Cold storage report termed bearish for butter, neutral for cheese
May butter stocks totaled 192.5 million lbs., up 11% from April 30, but 40% less than May 2013, according to USDA’s Cold Storage report, released June 23.
Total natural cheese stocks, at 1.07 billion lbs., were up 3% from April, but down 7% from May 2013. American cheese, at 656.8 million lbs., was up 1% from April, but 8% less than a year earlier.
Dave Kurzawski, FCStone, characterized the report as bearish for butter prices, and neutral on cheese.
USDA’s estimated butter stocks were well above FCStone’s expectation for 177.5 million lbs. “While the growth in stocks is mostly in line with the historical increase from April into May, it far exceeded expectations,” he said. “Given that prices have been extremely strong of late, we have to call this a bearish surprise. We do have our doubts, however, as to how much this will play out in the futures market, given the strength of the bull.”
Cheese stocks at the end of May were mostly in line with expectations, Kurzawski added. Total cheese and American cheese stocks came in slightly expectations of 1.056 billion lbs. and 655.5 million lbs., respectively. “We see little takeaway for the marketplace based upon the UDSA’s estimates today. We’ve seen very little movement on the Class III futures market since the report was released.”
Dairy replacement sales (783 head) results from Turlock, Calif., on June 20:
#1 Holstein springers: 1900-2400
#2 Holstein springers: 1400-1875
#1 Jersey springers: 1800-2225
#1 Jersey-X springers: 1800-2200
Compared to the previous week, large square bale prices were down 3%. Large round bale prices were up 4%. Sales activity was very light to light.
For Nebraska, hay prices were steady on limited alfalfa hay sales. Movement was light in most areas. Rain was reported in most areas of the state and some areas of North Eastern Nebraska were pounded by tornados and hail. Quite a lot of first cutting is still down and getting rained on; some fields are left to cut. Other producers are thinking about second cutting.
For Iowa, hay prices were steady on very limited alfalfa hay sales. There was very limited hay movement this week. A little old crop hay still getting sold to dairies. Some first cutting has been baled, some has been rained on and some just getting cut.

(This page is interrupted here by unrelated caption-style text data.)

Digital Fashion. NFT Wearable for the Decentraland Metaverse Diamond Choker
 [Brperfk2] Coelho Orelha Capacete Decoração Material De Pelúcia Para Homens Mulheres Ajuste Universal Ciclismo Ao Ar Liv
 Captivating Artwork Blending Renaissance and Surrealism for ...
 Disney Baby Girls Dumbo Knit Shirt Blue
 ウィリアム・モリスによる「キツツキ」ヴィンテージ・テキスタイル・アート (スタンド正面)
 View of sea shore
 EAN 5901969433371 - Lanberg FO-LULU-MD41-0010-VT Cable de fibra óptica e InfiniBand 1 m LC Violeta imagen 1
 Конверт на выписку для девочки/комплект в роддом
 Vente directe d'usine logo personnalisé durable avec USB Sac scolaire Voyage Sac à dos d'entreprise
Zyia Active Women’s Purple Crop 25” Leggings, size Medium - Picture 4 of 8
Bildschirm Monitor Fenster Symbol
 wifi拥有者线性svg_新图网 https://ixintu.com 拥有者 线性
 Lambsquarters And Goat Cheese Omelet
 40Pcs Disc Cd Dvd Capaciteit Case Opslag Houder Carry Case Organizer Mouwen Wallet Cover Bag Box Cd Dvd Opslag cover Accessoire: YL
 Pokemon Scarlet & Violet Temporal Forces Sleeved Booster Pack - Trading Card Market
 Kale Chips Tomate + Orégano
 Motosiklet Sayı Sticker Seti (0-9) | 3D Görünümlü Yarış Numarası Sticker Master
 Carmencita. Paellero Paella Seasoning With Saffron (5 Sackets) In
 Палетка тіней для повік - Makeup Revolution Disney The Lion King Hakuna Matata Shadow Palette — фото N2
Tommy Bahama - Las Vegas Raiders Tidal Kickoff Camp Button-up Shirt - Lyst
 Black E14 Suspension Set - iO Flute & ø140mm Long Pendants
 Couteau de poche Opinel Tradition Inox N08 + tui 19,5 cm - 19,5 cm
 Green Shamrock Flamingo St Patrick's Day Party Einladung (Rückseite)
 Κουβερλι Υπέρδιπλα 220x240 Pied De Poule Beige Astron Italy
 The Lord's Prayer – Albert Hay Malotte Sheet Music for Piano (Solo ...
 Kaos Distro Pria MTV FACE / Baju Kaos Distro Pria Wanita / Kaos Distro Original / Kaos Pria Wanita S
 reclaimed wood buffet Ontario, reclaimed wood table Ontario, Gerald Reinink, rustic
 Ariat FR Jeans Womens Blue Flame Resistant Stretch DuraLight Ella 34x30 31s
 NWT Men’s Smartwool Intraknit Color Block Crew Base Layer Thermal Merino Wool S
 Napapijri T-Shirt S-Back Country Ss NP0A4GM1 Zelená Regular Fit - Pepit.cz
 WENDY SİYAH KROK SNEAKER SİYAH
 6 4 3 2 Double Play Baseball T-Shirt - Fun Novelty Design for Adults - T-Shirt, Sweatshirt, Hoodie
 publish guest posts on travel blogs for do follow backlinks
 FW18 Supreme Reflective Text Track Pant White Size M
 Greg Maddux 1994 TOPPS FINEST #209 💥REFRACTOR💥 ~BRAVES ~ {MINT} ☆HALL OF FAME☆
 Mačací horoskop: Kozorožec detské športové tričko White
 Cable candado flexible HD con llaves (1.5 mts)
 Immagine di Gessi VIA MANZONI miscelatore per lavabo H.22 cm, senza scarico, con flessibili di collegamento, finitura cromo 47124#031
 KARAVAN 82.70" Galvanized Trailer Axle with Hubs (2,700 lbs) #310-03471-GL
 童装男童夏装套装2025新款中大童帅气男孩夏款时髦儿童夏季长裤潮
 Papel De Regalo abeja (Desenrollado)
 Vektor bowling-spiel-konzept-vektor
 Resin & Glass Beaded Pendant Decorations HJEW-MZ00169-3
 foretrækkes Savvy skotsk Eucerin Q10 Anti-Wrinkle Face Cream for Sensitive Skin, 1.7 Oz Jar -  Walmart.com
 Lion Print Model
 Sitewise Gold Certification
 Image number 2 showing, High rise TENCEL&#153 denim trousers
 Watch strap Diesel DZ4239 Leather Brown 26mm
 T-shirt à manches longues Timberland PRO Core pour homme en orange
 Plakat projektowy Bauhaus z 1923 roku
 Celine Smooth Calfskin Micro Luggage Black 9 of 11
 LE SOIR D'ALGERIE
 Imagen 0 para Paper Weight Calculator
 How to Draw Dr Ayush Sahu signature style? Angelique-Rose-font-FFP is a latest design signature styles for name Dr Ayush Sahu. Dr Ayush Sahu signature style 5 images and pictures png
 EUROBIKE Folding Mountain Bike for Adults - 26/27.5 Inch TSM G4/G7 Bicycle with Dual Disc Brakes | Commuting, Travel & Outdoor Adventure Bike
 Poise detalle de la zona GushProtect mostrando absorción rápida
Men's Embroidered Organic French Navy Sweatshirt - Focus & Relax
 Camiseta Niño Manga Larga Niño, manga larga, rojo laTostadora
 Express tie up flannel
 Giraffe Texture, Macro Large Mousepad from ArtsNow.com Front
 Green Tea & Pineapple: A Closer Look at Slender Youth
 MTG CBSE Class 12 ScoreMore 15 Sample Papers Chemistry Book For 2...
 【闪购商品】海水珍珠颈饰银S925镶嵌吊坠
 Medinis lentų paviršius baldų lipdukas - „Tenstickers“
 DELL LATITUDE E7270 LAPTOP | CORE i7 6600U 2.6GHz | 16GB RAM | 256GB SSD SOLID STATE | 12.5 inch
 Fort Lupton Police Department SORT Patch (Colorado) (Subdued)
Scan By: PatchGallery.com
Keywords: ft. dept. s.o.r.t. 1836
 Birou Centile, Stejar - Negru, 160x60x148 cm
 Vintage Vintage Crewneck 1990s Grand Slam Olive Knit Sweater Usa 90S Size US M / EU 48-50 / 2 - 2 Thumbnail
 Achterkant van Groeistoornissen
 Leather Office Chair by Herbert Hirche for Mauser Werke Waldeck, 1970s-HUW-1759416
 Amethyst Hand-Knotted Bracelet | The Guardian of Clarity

In South Dakota, hay prices were $33.25 lower on very light sales due to heavy rains. Demand was only moderate this week. There were very large rains across the trade area, with 6 to 12 inches for the week in many areas. Many hay growers had made their first cutting last weekend only to have it rained on very heavily, while others waited and are looking to make their first cutting this weekend. Flash flooding in southeast South Dakota, northwest Iowa, and southwest Minnesota closed many roads making it very difficult to transport hay. There was very little trade activity because of the stormy, rain, poor hay making weather.